Oh, and there is this as well. What they are saying is a lie. Every single state to have investigated the Planned Parenthood baby-parts accusations has found nothing. The congressional search has also turned up nothing. The videos cited repeatedly by Fiorina and co. do not prove what they set out to prove. There is no factual or empirical basis from which to believe that Planned Parenthood sells fetal parts for money. Indeed, more and more the candidates, like Trump, hide behind the passive “lots of people are upset about this” language of the not-quite-persuaded.

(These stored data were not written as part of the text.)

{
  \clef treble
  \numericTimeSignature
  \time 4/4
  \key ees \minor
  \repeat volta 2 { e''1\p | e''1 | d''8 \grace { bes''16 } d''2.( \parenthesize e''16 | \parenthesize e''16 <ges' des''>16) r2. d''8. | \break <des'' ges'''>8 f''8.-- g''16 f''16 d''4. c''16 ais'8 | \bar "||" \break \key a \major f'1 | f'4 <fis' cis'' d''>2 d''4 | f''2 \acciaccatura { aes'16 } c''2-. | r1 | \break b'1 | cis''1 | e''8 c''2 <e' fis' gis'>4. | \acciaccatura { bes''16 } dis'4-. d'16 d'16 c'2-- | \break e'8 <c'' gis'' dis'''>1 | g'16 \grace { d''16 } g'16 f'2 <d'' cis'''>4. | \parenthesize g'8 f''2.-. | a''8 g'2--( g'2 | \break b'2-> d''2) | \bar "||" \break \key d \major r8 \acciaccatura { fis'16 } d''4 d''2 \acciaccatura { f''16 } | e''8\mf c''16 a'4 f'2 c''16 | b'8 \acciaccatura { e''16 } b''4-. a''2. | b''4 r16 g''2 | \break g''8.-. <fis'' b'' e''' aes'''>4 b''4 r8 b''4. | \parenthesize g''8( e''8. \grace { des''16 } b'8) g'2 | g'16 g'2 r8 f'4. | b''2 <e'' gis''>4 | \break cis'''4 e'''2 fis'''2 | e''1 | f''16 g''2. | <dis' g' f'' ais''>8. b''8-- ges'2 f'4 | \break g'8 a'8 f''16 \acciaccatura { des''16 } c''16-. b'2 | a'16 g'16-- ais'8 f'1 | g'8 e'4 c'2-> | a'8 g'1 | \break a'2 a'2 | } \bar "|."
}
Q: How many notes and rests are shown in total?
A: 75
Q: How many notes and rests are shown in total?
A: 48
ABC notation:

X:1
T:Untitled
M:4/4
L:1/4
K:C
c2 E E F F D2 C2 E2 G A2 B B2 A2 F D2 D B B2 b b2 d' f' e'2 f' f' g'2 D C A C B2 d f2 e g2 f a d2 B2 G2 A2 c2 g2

And so when the same leaders who claim that there is no factual connection between themselves and the clinic killings are unwilling to recognize that there is vastly less factual connection between Planned Parenthood and profiting from baby parts, the problem is no longer a speech problem at all. It’s a reality problem. One side is lying about Planned Parenthood and declining to admit the truth about the consequences of violent, graphic rhetoric. The other side is pointing out that the lies about Planned Parenthood are lies and that words have consequences. There is no equivalency here. There is only the new truth of American political lies: that you can lie, and lie about the lie, and then blame the media.